「セメント王」浅野総一郎物語⑤ 渋沢栄一との出会いは
Japan In-depth / 2023年7月20日 11時42分
出町譲(高岡市議会議員・作家)
【まとめ】
・浅野総一郎、最大の支援者は「日本の資本主義の父」渋沢栄一。
・自分と会うより仕事が大事という浅野に渋沢は興味を持った。
・渋沢は浅野に「上に立っても、自ら行動することが大事」と話した。
富山県氷見市出身の浅野総一郎は、日本の近代化の礎を築いた人物です。セメントを始め、石炭、海運、造船など幅広く手掛け、一代で「浅野財閥」を築きました。
奔放で、突進する男、浅野総一郎。エネルギッシュに仕事しますが、歴史上の重要な人物が浅野の後ろ盾になりました。
最大の支援者は、渋沢栄一でした。「日本の資本主義の父」とも言われた渋沢は、浅野に対して、日本が近代国家に向かう際のエンジン役として期待をかけました。総一郎の道を次々切り開いてくれました。その「友情」は生涯、続きました。
2人はいつ、どのように知り合ったのか。明治9年春でした。浅野は29歳、渋沢は37歳でした。
当時、浅野は大塚屋という石炭商でした。富山県氷見市出身ですが、夜逃げで上京したため、偽名で生活していました。一方、渋沢は王子製紙を経営していました。浅野は、王子製紙に石炭を納入していたのです。
王子製紙は東京の王子村にあり、荒川に面していました。石炭を積んだ船は、荒川を航行し、製紙会社の近くの船着き場に到着。
「船が着いたぞ」。そんな声がすると、半裸の作業員は次々に船に乗りこみます。石炭が入った袋を肩に担ぎ、荷揚げします。荒々しい風景の中、ひときわ大きな声で、真っ黒になって汗を流す男がいました。大声で指示を出しているので、リーダーらしい。誰よりも動きは機敏で目立っていた。太い眉が印象的です。
その姿を事務所の窓越しに見ていたのは、渋沢栄一です。ある日、部下に「首に手拭いを蒔き、シャツ一枚で荷を運んでいる男は誰だ」と聞きました。
「大塚屋です」。「店主自ら、汗を流しているようだな。大塚屋に会ってゆっくり話をしたい」。渋沢はつぶやいた。

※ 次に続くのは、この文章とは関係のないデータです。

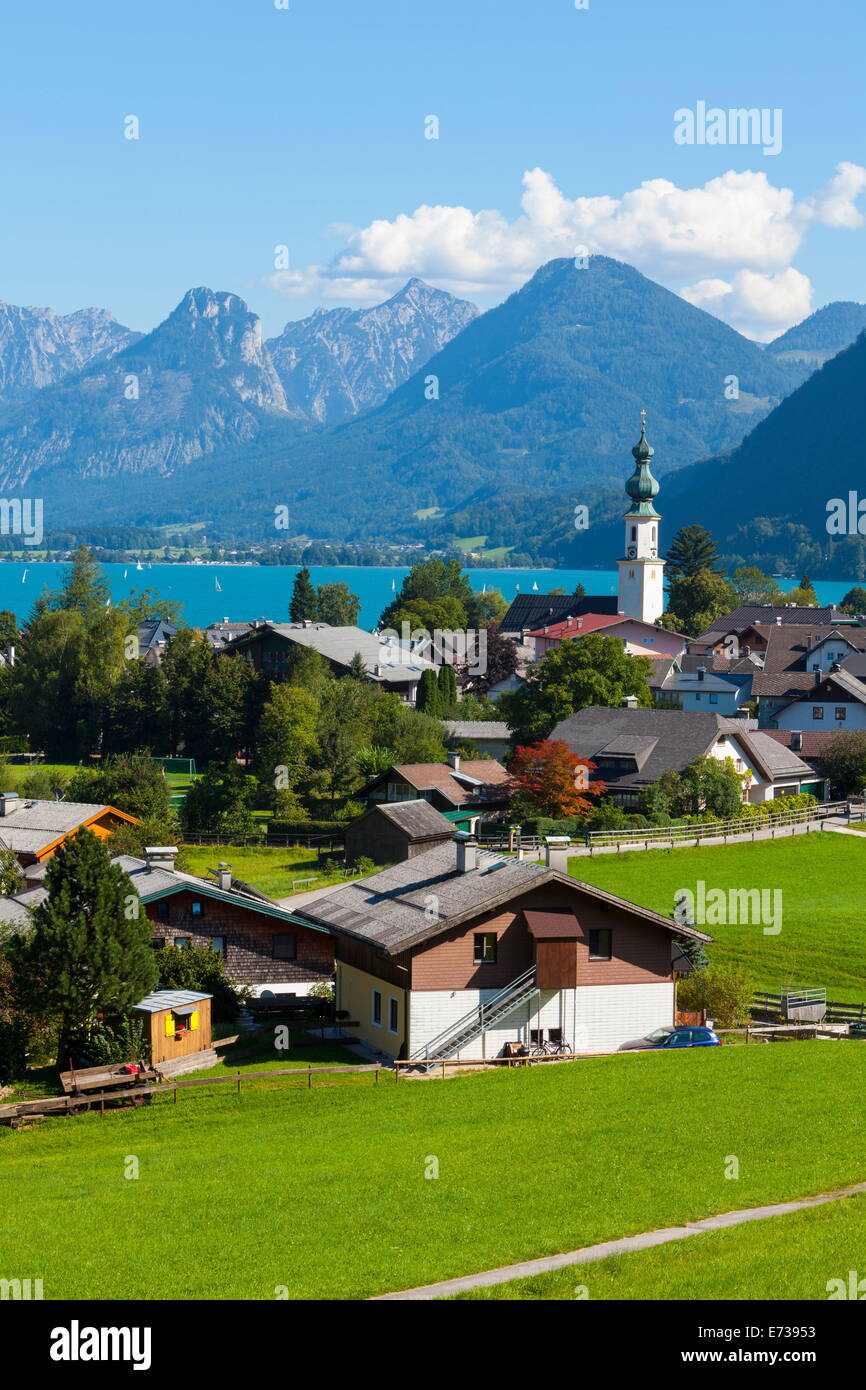 Vue sur Élevée Sankt-gilgen, Wolfgangsee, Salzburger Land, Flachgau, Haute Autriche, Autriche, Europe Banque D'Images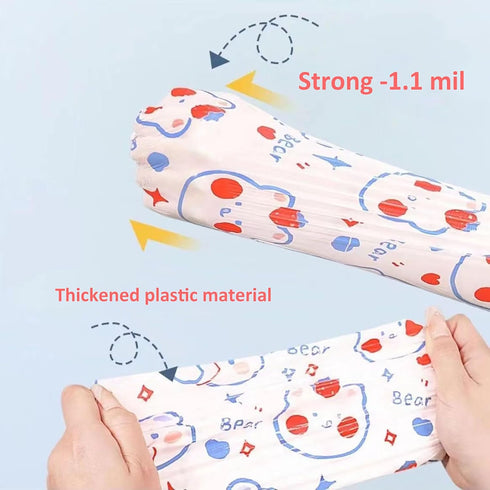 4 Gallon Trash Bags, Drawstring Small Trash Bags 1.1mil Thick for Bathroom, Kitchen, Bedroom, Office (White-Pink, 75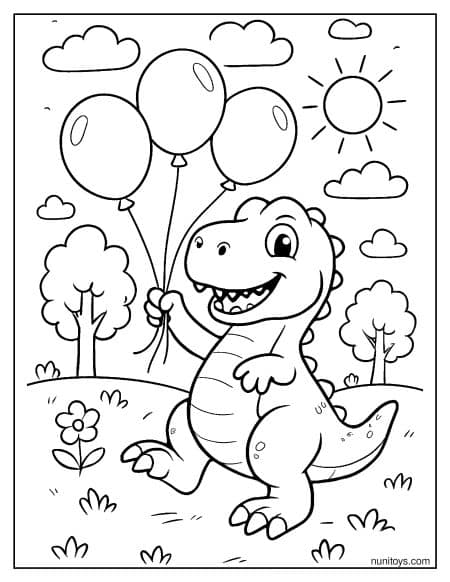 T-Rex Holding Balloons Outdoors Coloring Page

その部下は船着き場にまで下り、渋沢の意向を総一郎に伝えました。
「大塚屋さん。渋沢がお話したいと言っています」思いもよらない返事が返ってきた。
「私は昼間、一分一秒も惜しんで働いています。暇な時間は全くありません。昼に会うのは勘弁してほしいのです」。
「あの、渋沢栄一ですよ。あなた知らないのですか」
「知っていますよ。渋沢さんでしょう。王子製紙の社長さんらしいが、どんな偉い人でも、私にとっては仕事が第一です。こっちは忙しいのです。邪魔、邪魔。空いているのは夜だけです」。総一郎は終始、ぶっきらぼうでした。